July 31 – 212
Mathematica 10.1. Non-Periodic Tiling. From a script by Stephen Wolfram. This particular set of 12 tiles is the smallest set that can be arranged to cover the plane—but only in a non-periodic pattern. Non-periodic tilings tile the plane in a non-repeating manner and can also tile it in a regular periodic manner. Ending My “Mathematica-series” with a script from S.Wolfram is also an homage to the creator of this wonderful program and the many writers who helped me convert mathematics problems into artistic visualization all month long.
July 30 – 211
Mathematica 10.1. Four-dimensional immersion of the Klein bottle. Although the 4D immersion has no self-intersections, projecting into 3D space makes it appear as if there were. The Klein bottle is a closed non-orientable surface that has no inside or outside and was originally described by Felix Klein in 1882. From a script by Richard Hennigan.
July 29 – 210
Mathematica 10.1 The “last geometric statement of Jacobi” says that the conjugate locus of a non-umbilic point on the triaxial ellipsoid has four cusps – which was later proved by Itoh and Kiyohara. Here is an artistic interpretation of a locus of conjugate points along a “spray” of unit speed geodesics emanating from a “base point” on the ellipsoid. From an original script by Thomas Waters.
July 28 – 209
Mathematica 10.1. Scherk’s surface are periodic minimal surfaces – a singly and a doubly periodic surface. The two surfaces are conjugates of each other. They are named after mathematician H. Scherk who first described them in 1835. From a script by Enrique Zeleny.
July 27 – 208
Mathematica 10.1 Closed periodic paths: a ray is reflected multiple times inside an ellipse. The black dots are the two foci of the ellipse. From a script by Michael Trott
July 26 – 207
Mathematica 10.1 Geometry of a quartic polynomial.

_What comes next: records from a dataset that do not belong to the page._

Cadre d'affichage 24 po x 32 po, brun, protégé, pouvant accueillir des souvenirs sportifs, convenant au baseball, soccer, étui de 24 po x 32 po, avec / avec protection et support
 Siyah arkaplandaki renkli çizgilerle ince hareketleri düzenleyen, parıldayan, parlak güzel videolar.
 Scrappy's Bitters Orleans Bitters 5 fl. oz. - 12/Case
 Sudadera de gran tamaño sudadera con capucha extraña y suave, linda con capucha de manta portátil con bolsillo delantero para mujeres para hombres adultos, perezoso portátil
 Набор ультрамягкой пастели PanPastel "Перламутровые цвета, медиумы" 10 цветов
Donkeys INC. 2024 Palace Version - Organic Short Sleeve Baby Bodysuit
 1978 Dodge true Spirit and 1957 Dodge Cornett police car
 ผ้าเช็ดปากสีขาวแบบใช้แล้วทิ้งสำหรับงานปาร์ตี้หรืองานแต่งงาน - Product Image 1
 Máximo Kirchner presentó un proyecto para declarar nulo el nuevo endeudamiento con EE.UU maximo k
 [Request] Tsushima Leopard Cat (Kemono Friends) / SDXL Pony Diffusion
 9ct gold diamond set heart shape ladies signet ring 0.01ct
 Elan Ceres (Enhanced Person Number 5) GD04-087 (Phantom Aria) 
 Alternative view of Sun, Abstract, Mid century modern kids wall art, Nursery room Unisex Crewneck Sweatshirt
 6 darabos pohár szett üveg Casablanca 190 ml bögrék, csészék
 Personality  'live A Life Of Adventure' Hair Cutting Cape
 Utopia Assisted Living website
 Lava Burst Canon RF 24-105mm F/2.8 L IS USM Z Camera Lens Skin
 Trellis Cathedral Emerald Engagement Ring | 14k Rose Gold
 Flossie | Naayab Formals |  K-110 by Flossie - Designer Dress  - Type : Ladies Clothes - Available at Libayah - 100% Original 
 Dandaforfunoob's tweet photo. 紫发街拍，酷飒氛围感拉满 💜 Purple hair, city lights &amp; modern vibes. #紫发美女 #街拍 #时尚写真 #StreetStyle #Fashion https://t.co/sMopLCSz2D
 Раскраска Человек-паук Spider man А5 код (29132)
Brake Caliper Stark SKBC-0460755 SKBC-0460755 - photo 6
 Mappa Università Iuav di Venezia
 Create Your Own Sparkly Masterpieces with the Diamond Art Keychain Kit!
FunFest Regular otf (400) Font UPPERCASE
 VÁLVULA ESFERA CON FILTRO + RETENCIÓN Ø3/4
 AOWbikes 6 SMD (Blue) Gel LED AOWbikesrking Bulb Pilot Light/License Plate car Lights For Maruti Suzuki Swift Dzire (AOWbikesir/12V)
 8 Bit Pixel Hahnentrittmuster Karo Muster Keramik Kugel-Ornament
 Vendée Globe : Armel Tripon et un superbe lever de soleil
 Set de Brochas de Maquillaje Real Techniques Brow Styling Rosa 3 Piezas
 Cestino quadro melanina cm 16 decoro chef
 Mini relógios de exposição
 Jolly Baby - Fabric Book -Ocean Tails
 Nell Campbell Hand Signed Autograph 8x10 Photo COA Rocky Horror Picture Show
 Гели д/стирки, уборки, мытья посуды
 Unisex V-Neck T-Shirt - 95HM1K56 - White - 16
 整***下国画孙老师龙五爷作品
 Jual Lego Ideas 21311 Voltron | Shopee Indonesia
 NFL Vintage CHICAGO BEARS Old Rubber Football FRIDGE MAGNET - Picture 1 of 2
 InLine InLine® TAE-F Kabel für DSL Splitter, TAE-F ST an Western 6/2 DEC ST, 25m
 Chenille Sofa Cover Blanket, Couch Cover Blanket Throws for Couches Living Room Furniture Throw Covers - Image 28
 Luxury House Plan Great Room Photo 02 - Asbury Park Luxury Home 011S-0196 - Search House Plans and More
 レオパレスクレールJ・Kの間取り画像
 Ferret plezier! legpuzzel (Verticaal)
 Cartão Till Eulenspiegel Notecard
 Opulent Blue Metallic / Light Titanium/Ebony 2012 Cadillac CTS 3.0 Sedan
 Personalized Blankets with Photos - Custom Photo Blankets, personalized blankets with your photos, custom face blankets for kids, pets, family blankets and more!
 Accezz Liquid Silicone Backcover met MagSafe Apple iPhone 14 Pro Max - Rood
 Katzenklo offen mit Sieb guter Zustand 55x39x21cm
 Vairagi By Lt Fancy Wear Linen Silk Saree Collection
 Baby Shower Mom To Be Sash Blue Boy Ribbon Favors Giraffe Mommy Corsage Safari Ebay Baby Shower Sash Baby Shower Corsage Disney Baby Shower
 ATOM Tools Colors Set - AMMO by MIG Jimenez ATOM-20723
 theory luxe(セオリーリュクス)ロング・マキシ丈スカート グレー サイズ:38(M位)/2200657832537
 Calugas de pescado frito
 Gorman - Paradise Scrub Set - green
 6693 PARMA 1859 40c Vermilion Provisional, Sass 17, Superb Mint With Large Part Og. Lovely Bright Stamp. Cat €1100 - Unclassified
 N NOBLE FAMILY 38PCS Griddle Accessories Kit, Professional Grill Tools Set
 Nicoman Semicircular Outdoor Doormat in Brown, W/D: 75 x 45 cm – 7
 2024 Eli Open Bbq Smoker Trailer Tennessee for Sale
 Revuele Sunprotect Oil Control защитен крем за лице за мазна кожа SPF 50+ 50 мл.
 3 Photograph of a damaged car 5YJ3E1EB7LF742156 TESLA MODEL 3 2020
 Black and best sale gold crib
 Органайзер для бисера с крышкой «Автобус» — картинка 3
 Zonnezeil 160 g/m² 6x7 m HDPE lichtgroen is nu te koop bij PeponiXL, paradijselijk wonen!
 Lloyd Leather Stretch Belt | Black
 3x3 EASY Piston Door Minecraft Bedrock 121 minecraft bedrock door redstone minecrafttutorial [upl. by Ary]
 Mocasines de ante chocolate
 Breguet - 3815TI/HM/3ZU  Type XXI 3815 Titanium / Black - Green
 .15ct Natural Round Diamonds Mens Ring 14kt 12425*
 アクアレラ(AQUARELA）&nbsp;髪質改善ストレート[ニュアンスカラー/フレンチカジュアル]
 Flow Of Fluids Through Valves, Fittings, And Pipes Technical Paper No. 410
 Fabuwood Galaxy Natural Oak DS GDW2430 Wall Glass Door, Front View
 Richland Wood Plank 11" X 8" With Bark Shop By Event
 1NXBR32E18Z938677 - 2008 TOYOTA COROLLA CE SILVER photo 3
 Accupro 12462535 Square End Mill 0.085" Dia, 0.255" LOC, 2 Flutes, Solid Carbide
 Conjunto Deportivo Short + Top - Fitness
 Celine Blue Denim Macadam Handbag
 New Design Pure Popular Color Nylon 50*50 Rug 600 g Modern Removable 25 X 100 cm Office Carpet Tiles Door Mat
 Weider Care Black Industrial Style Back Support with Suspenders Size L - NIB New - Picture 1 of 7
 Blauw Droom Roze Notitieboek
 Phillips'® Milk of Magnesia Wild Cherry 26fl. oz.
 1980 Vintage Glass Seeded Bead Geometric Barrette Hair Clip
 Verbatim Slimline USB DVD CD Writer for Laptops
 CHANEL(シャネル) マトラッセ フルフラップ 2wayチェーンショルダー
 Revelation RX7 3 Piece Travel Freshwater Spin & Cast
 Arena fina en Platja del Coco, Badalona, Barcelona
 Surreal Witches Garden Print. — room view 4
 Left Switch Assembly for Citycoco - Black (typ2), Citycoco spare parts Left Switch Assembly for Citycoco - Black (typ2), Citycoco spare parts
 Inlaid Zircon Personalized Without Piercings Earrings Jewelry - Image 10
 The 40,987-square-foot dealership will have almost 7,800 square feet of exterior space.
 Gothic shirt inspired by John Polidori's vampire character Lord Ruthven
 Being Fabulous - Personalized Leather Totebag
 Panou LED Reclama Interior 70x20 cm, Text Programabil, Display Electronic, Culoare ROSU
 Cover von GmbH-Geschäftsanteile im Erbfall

Quartic describes an object of the “fourth order” A Quartic function is a polynomial function of degree 4. From a script by Salvador Jesús Gutiérrez Martínez.
July 25 – 206
Mathematica 10.1 The volume of the regular octahedron is four times that of the regular tetrahedron through decomposition. The large octahedron has a side that is twice the length of any of the small octahedra. So the volume of the large octahedron is eight times as much as a small one. But the large octahedron is made of six small octahedra and eight tetrahedra. So the eight tetrahedra must have a volume equal to two small octahedra, and the ratio is 4 to 1. From an original script by Dan Suttin.